Koordinator Komite Pemilih Indonesia (Tepi), Jerry Sumampouw, menerangkan, pelaksanaan Pemilukada di 92 daerah pada bulan April, Mei, dan Juni ini menuai banyak masalah. Jerry memerinci, pelanggaran Pemilukada mencakupi masalah daftar daerah pemilihan tetap (DPT) (13 persen), surat suara (7,6 persen), kericuhan/kerusuhan (7 persen), politik uang (8,7 persen), dan masalah lain (penurunan spanduk, intimidasi) (15, 3 persen.
Jerry juga menyoroti penurunan kinerja penyelenggara Pemilukada. Lembaga penyelenggaan pemilu, kata Jerry, justru sangat rawan ikut “bermain” di Pemilukada. Jerry yakin, penurunan kinerja penyelenggara pemilu akibat tidak pernah ada sanksi bagi penyelenggara pemilu ketika melakukan kesalahan. Jerry mencontohkan, saat KPU dinyatakan bersalah oleh Mahakamah Konstitusi (MK) dalam Pemilukada Jawa Timur, tidak ada sanksi yang diberikan kepada KPU. “Harusnya saat itu KPU bisa dipidana,” kata Jerry.

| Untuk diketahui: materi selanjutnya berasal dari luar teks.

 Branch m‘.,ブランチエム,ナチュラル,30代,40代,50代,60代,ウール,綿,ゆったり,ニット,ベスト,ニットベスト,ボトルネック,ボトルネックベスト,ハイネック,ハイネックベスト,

Sementara itu Direktur Lingkar Madani untuk Indonesia (LIMA), Ray Rangkuti, menambahkan, secara kualitatif, Pemilukada semakin bermasalah. Dalam rentang waktu tiga bulan pelaksanaan Pemilukada, kata Ray, laporan gugatan ke Mahkamah Konsitusi soal perselisihan pemilu telah mencapai 28 kasus. “Tingginya laporan ke MK ini menunjukkan ketidaksiapan penyelenggara Pemilukada,” tambah Ray.

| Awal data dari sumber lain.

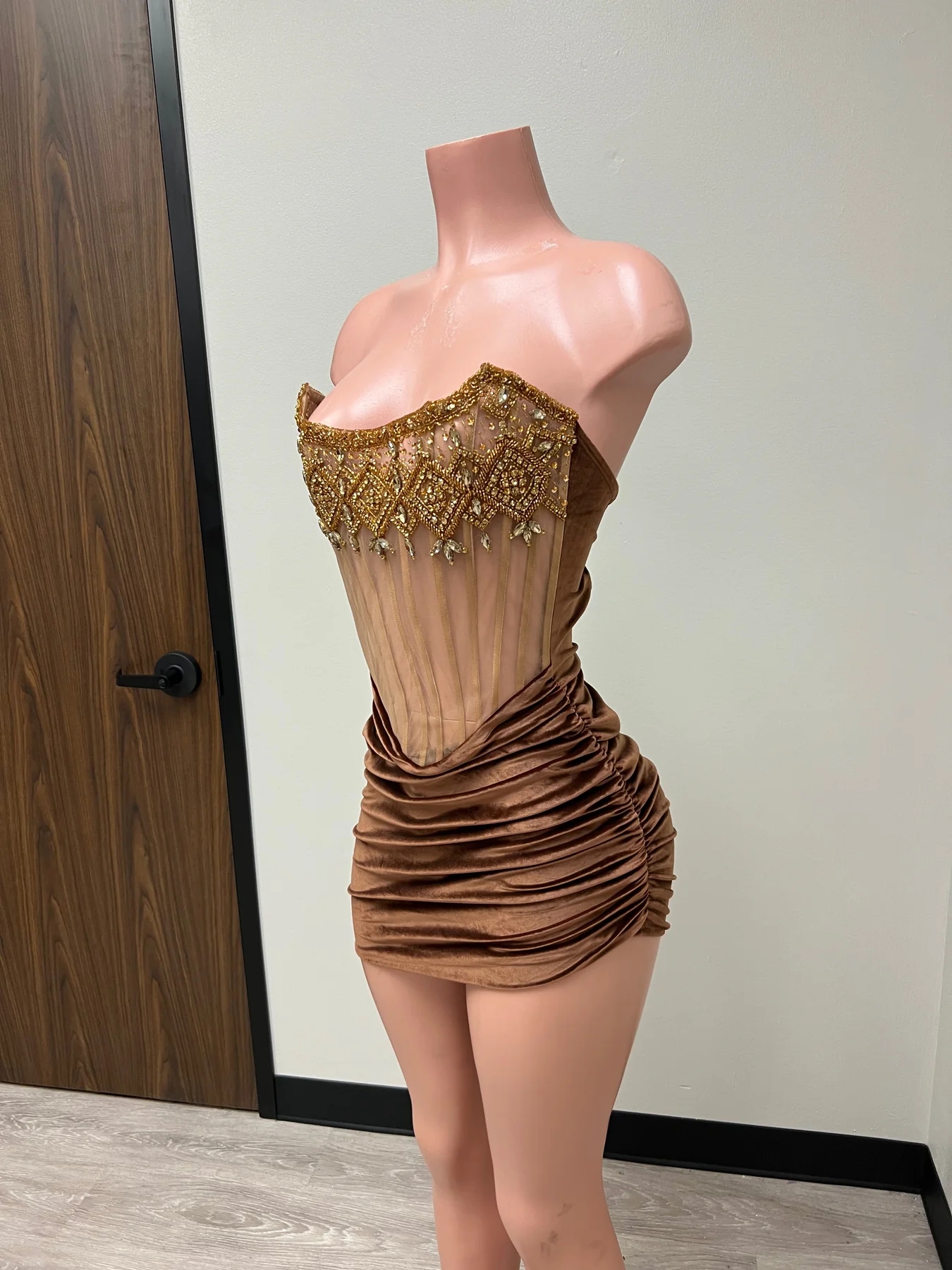 Sexy Sheer Brown Short Prom Dresses For Black Girls Crystals See Through African American Cocktail Dresses Birthday Party Homecoming Gowns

Penurunan kualitas penyelenggaraan Pemilukada, kata Ray, juga dalam hal independensi penyelenggara Pemilukada. Tidak hanya KPU, menurut Ray, panitia pengawas juga banyak yang berpihak ke salah satu kandidat. Panitia pengawas di deerah, kata Ray, tidak berfungsi meminimalisir pelanggaran.

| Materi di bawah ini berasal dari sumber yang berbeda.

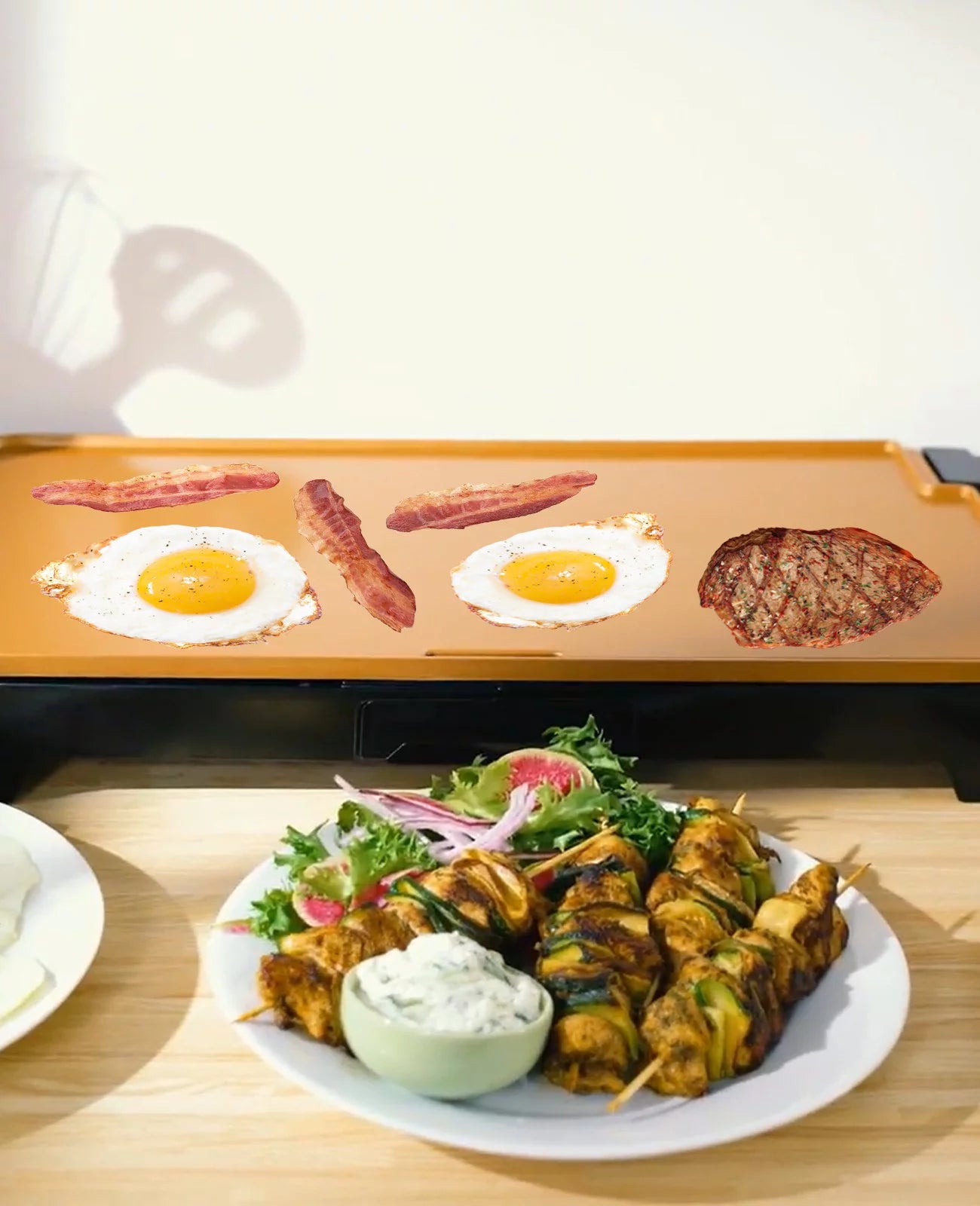 Nonstick Electric Griddle for 6 Eggs and Pancakes N240290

Adapun, anggota Komisi II DPR, Arif Wibowo, mengatakan, perlu ada paket perubahan Undang-undang Politik dan Pemilu. Bagi Komisi II DPR, kata Arif, pelanggaran dalam Pemilukada adalah sesuatu yang bisa diprediksi akibat regulasi pemilu yang carut-marut. “Contohnya, KPU hingga kini tidak pernah merevisi 12 regulasi yang sudah lama diminta oleh DPR,” tambah Arif.